Yani Hz. Muhammed, 6 Yaşındaki Hz. Ayşe’ye nikah kıyıp üç sene bekledikten sonra 9 Yaşındayken onunla gerdeğe girmiştir. Bunun aksini söylemek ve hatta düşünmek insanı dinden, imandan eder maazallah(!)
Eee. Hz. Muhammed’e hak olan ümmetine hak olmaz mı?
Olmaz olur mu(!) O, altı yaşında bir kıza nikah kıydı mı? Kıydı(!) Ümmeti bu yaş sınırını 2’ye bile indirir.
Mesela ‘’ Zıllullah-i fil arzeyn ‘’ ( Yer yüzünde ve gökyüzünde Allah’ın Gölgesi ) Hadim-ül Haremeyn ( Mekke ve Medine’nin Hizmetkarı) Halife-i Ruy-i Zemin ( Yer yüzünün halifesi ) Osmanlı padişahları...
Sultan I. Ahmed, kızı Ayşe Sultan’ı daha yedi yaşındayken Sadrazam Nasuh Paşa, ile nikahladı. Çok yaşlı olan paşanın ölmesi üzerine Ayşe Sultan yine yaşlı olan ve ölüverip giden şu paşalarla nikahlandı daha sonra : Karakaş Mehmet Paşa, Van Beylerbeyi Hafız Ahmet Paşa, Diyarbakır Valisi Murtaza Paşa, Halep ve Şam Beylerbeyi Ahmet Paşa, Voynuk Ahmet Paşa ve İbşir Mustafa Paşa...
Sultan İbrahim, kızı Fatma Sultan’ı 2.5 yaşında Yusuf Paşa ile nikahlamıştı. Yusuf Paşanın erken ölümü üzerine de 4 yaşında Musahip Fazlullah Paşa ile evlendirdi.
Diğer kızı Beyhan’ı ise 2 yaşındayken Sadrazam Tezkereci Ahmet Paşa ile nikahlamıştı ama Tekereci Ahmet Paşanın bir isyan sonucu öldürülmesi üzerine 3 yaşındayken babaannesi Kösem Sultan tarafından Uzun İbrahim Paşa ile nikahı kıyıldı.

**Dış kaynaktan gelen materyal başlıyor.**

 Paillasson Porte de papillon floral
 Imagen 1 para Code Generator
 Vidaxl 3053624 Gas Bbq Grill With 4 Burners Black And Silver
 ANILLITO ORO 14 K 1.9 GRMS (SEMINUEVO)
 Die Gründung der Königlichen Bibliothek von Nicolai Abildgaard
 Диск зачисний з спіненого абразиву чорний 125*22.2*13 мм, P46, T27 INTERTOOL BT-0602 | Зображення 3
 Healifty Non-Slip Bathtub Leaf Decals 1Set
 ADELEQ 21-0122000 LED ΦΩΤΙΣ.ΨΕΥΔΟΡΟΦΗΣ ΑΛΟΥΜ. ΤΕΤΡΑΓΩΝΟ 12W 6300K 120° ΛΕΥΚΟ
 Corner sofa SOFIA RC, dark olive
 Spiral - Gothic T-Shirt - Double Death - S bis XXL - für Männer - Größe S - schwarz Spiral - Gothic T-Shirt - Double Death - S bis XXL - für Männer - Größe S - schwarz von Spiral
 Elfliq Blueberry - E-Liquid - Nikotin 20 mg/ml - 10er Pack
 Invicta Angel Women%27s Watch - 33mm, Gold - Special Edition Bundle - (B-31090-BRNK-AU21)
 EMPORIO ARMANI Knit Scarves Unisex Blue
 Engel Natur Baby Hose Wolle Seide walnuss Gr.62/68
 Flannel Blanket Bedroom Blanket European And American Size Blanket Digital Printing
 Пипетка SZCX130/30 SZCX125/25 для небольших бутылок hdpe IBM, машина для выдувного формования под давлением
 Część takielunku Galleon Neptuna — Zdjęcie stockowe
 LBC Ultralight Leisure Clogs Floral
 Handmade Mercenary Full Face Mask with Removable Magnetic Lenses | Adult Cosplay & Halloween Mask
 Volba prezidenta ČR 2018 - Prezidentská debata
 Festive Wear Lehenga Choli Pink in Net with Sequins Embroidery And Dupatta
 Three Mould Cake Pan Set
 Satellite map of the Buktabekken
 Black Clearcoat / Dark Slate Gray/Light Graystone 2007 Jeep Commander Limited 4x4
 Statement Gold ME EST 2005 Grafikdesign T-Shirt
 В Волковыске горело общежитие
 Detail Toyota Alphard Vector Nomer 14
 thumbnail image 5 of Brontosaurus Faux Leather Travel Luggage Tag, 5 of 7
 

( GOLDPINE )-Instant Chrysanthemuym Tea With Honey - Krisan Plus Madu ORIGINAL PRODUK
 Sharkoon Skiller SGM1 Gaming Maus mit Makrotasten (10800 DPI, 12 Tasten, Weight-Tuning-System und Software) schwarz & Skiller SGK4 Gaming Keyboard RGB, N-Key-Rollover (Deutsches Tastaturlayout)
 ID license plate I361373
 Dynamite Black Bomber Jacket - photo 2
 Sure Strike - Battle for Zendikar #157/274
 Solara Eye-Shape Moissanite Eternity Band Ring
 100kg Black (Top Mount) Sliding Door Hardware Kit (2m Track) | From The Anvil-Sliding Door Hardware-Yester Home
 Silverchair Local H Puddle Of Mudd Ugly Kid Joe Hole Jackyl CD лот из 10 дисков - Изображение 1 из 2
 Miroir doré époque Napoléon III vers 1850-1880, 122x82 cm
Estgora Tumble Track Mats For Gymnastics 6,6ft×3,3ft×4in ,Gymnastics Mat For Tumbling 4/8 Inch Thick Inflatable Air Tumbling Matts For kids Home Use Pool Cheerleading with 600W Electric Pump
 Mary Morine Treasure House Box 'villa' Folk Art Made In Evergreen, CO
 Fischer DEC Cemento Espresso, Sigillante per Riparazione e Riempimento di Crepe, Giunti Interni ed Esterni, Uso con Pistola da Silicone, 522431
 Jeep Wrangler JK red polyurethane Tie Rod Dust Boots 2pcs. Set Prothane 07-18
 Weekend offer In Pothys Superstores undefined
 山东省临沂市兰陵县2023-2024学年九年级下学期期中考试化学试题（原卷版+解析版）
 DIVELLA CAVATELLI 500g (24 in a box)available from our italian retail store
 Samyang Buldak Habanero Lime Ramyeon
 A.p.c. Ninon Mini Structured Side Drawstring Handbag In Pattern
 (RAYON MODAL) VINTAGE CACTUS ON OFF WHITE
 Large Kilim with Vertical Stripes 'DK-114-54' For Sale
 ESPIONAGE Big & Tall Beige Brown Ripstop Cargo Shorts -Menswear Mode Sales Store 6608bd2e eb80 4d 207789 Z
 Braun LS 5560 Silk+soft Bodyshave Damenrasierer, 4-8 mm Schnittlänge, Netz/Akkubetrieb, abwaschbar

Padişah III. Ahmet, kızı Fatma Sultan’ı Silahtar ( Daha sora Şehit ) Ali Paşa ile evlendirdiğinde Fatma Sultan sadece dört yaşındaydı. Ali Paşanın şehit olmasından sonra sadrazam Nevşehirli İbrahim Paşa ile evlendirildiğinde ise sadece 13 yaşındaydı.
Örnekler o kadar çok ki say say bitmez...
Bazı Padişahlarla anneleri arasında kaç yaş fark var onu da yazayım mı?
Kanuni Sultan Süleyman oğlu Mustafa--- Doğum tarihi 1515
Mustafa’nın annesi Mahidevran Sultan’ın doğum tarihi: 1500
Oğlu Mustafa’yı 15 Yaşında dünyaya getirmiş. Demek ki 14 yaşında hamile kalmış.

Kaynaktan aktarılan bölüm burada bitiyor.